Wednesday, August 19, 2009

Family told by NHS: Alzheimer's is not a 'health condition'

This is from The Telegraph in the UK. It is precisely why I am so adamant against a government run health care in the US.

By Nick Britten
Published: 4:28PM BST 18 Aug 2009

NHS Worcestershire ruled that Judith Roe, 74, did not qualify for NHS funding because her condition was a "social" rather than "health" problem, even though she was so ill she could not make a cup of tea and regularly left the stove on.

She was forced to sell her £200,000 home to pay her £600-a-week nursing home fees, which would have been funded if she had been categorised correctly.

Mrs Roe's family appealed to the Health Service Ombudsman, which ruled that Mrs Roe's assessment had been incorrect and her treatment should have been funded by the NHS. NHS Worcestershire has now reimbursed them for six years of care.

Her son, Richard, 40, urged other families in a similar situation to fight for the care they are entitled to.

He said: "The way the health trust behaved was scandalous. It has been very stressful.

"All the time we were told we were wrong while believing we were right.

"They told me I should count myself lucky because there are people that are more ill than my mother, which was an outrageous thing to say.

"I want anyone else going through a similar experience to know they may be entitled to care. Even if they're being told they're not entitled, they should fight for it.

"With us, they made a mistake. They did not carry out their duties properly."

Mrs Roe, a retired church warden and school teacher, was diagnosed in 2002 with severe Alzheimer's and Parkinsons.

Under English law, elderly people must pay for their own residential care unless their needs are deemed health-related.

She was assessed but her needs were regarded to be social rather than health, meaning she did not qualify for funding.

In August 2003 her family paid for a social worker to visit her twice a day and in 2004 she moved into a nursing home because she was too ill to stay at home.

In 2007 she was moved into another home because her condition had deteriorated.

Despite being bedridden and requiring round-the-clock care, NHS Worcestershire PCT refused to pay a penny towards her fees.
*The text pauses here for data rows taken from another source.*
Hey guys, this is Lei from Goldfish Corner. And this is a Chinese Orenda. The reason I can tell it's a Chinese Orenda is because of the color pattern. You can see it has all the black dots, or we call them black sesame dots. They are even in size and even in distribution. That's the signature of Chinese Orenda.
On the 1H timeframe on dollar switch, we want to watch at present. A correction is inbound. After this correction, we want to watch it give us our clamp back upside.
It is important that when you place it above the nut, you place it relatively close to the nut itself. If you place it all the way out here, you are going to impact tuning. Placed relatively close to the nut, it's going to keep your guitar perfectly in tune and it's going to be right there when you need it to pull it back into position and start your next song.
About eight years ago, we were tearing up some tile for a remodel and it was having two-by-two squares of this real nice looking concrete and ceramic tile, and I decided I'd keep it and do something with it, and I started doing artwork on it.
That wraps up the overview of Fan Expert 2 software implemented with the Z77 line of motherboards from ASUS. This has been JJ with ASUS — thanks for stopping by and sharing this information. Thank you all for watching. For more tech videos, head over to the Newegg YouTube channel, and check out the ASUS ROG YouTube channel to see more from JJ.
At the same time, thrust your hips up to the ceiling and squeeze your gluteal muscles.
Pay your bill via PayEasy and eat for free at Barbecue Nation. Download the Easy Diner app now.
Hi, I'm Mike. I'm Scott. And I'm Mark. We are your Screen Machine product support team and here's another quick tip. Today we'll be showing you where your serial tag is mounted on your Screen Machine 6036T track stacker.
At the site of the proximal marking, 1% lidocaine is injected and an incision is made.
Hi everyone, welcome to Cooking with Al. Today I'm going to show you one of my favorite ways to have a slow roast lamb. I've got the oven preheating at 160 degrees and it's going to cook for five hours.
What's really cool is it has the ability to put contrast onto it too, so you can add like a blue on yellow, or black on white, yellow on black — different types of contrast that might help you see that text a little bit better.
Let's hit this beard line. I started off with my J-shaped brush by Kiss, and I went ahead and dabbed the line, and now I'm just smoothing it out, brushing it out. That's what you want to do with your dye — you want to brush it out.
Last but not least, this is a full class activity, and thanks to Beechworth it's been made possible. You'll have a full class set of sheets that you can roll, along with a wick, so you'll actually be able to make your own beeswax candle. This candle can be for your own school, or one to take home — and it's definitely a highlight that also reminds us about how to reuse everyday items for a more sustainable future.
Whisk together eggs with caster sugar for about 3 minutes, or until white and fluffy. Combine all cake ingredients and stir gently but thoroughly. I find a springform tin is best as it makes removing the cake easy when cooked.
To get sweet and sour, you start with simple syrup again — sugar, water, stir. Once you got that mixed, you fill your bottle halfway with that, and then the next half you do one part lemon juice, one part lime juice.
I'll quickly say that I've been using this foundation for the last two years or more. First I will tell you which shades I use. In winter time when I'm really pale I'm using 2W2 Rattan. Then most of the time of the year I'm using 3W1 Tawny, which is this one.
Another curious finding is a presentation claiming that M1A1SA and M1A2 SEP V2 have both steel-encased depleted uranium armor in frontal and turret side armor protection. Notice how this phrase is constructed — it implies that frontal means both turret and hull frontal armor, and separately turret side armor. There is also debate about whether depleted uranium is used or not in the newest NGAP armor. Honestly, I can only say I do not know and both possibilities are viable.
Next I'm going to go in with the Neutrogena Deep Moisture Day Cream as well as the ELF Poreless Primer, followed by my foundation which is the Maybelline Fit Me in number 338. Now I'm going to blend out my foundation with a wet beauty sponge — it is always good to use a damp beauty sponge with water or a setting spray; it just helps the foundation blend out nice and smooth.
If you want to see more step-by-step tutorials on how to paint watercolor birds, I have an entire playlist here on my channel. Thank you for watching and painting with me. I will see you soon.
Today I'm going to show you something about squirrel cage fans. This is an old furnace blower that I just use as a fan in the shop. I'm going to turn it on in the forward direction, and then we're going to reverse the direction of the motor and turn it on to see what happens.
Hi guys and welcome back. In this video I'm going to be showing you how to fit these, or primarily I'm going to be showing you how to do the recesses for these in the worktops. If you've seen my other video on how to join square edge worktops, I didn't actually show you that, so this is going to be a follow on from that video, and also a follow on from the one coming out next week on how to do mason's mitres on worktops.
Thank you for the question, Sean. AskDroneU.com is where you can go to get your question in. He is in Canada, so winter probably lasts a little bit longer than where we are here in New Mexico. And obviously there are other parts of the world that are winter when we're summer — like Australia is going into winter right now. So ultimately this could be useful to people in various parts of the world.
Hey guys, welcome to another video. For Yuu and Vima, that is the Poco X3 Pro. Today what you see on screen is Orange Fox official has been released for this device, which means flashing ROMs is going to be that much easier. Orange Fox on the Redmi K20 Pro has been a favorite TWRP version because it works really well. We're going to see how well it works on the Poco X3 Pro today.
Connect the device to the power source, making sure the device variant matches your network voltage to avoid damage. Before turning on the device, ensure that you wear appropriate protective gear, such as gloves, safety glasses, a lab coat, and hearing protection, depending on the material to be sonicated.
Throughout this time Mr Roe wrote dozens of letters to the PCT asking them to re-assess his mother.

He said: "I wanted to know just how ill my mother had to be before her condition was deemed a health issue.

"The NHS doesn't want to admit elderly people have health issues because then it falls to them to pay for their care."

He added: "We made the difficult decision to sell her home because we were under the assumption that older people sell their houses to pay for care.

"It was only when we started to look at funding and ask the PCT what funding was available that we realised that she shouldn't have had to self-fund."

Finally, in May 2008, on the recommendation of the Ombudsman, two social workers from the PCT assessed Judith and agreed she qualified for continuing care and paid for her fees at the home until she died in October.

However, the Health Services Ombudsman said she should have had continuing care from 2002 and NHS Worcestershire agreed to pay.

He said: "It should never have got to the point where I had to write to the Ombudsman.

"The PCT did not follow the correct procedures and as a result we had to sell the family home and use her savings for care which should have been funded by the NHS.

"We became very angry because the primary care trust was very arrogant and unhelpful."

Paul Bates, chief executive of NHS Worcestershire, said: "Decisions around eligibility for continuing NHS care are extremely complex and difficult even though we have national guidance to assist us.

"The line between the need for healthcare and social care is a very thin one indeed, but the impact for the individual is the difference between free care and care which is means tested.

"We would not wish to see Mr Roe's experience repeated and there are clearly lessons for us to learn."

Each NHS trust has its own criteria for interpreting the Government's guidelines on who qualifies for free nursing care.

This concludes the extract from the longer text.